Discovered architecture (CentralUI Explore, 2026-06-02) — expands C/D/E

Two facts the original AE spec missed:

  1. CentralUI bypasses the ManagementActor. Components/Pages/Admin/ApiKeys.razor, ApiKeyForm.razor, and Components/Pages/Design/ApiMethodForm.razor call IInboundApiRepository (SQL Server EF) directly — they do NOT send the CreateApiKeyCommand/etc. management messages. So there are two management entry points to rewire (CLI→ManagementActor uses the messages; CentralUI→repository uses the entities). Decoupling: introduce one app-side IInboundApiKeyAdmin seam over the library ApiKeyAdminCommands, and route BOTH CLI and CentralUI through it (DRY + single audit path). The message-contract change (int→string) touches only CLI+ManagementActor; the entity/repository change (ApiKey.Id, ApiMethod.ApprovedApiKeyIds) touches CentralUI + TransportExport.
  2. TransportExport couples API keys + methods into config export/import (Components/Pages/Design/TransportExport.razor
    • .razor.cs, HashSet<int> selections, ExportSelection). With keys now in the library SQLite store (per-env pepper, secret-once), a key can't be exported/re-imported usefully. Decision (user, 2026-06-02): EXCLUDE inbound API keys from transport — export API methods only; keys are re-created + method-scopes re-granted per environment.

CentralUI blast radius (string keyId + scopes replace int Id + ApprovedApiKeyIds CSV): Admin/ApiKeys.razor, Admin/ApiKeyForm.razor, Design/ApiMethodForm.razor (approved-keys ↔ key-scopes), Design/TransportExport.razor(.cs), Design/ExternalSystems.razor (uses method int id — methods STAY int in SQL Server, so unaffected for keys), Dashboard.razor (key count), test Admin/ApiKeyFormAuditDrillinTests.cs.

C/D/E decomposition — 5 reviewed green sub-commits (user: "coordinated multi-commit now", 2026-06-02)

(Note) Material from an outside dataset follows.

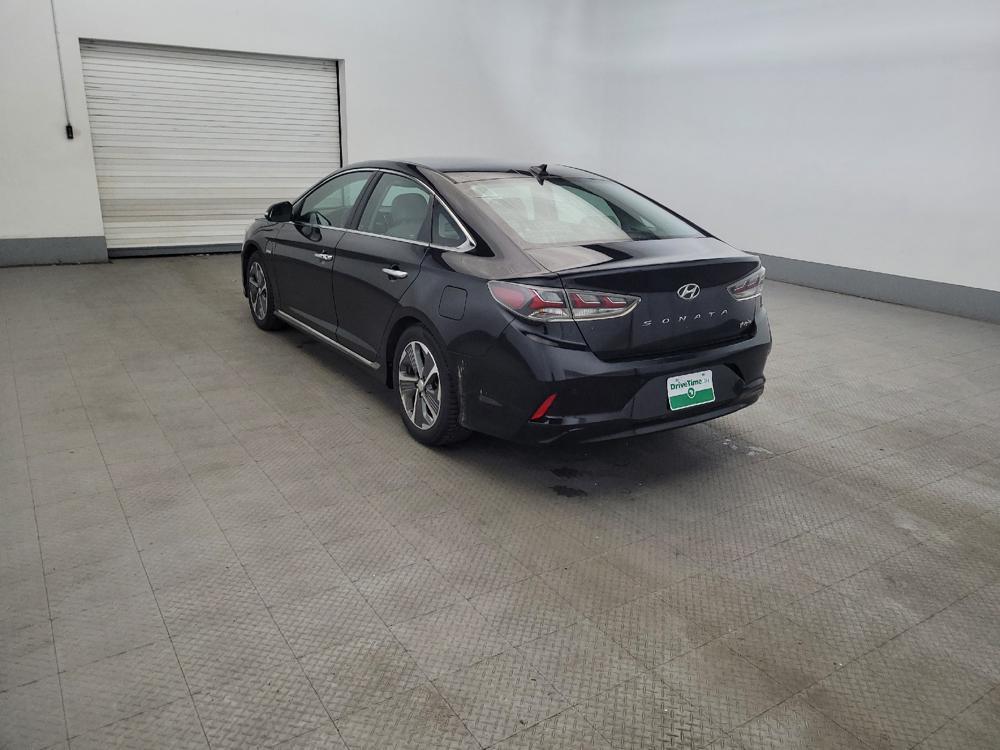 used 2019 Hyundai Sonata Plug-In Hybrid car, priced at $19,795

  • C1 — re-pin ScadaBridge Auth 0.1.2→0.1.3; add app-side IInboundApiKeyAdmin seam (string-keyId model: Create(name,methods)→(keyId,token) / List / SetEnabled / SetMethods / Delete[=revoke+delete] / GetMethodsForKey / GetKeysForMethod) over the library facade; register ApiKeyAdminCommands + the seam in Host and CentralUI DI; seam unit tests. Purely additive — build green.
  • C2 — Commons Messages/Management/SecurityCommands.cs contracts int→string keyId + add Methods + new SetApiKeyMethodsCommand; rewire ManagementActor handlers + CLI security api-key onto the seam; update ManagementActor tests. (CentralUI unaffected — it doesn't use these messages.)
  • C3 — CentralUI ApiKeys.razor/ApiKeyForm.razor/ApiMethodForm.razor (+ Dashboard count) off IInboundApiRepository- for-keys onto the seam; string keyId; method-scope editing replaces ApprovedApiKeyIds; update bUnit test. (Methods stay in SQL Server; just stop using the ApprovedApiKeyIds column — dropped in C5.)
  • C4 — TransportExport: remove API-key selection/export (methods-only); drop key HashSet<int> + ExportSelection keys; tests.
  • C5 (=E) — retire SQL Server ApiKey entity + DbContext reg + IInboundApiRepository key methods + GetApprovedKeysForMethodAsync; drop ApiMethod.ApprovedApiKeyIds; EF migration (drop ApiKeys table + column); delete residual ApiKeyValidator/ApiKeyHasher; runbook + CHANGELOG (breaking: re-issue keys, X-API-KeyAuthorization: Bearer); full build+test sweep.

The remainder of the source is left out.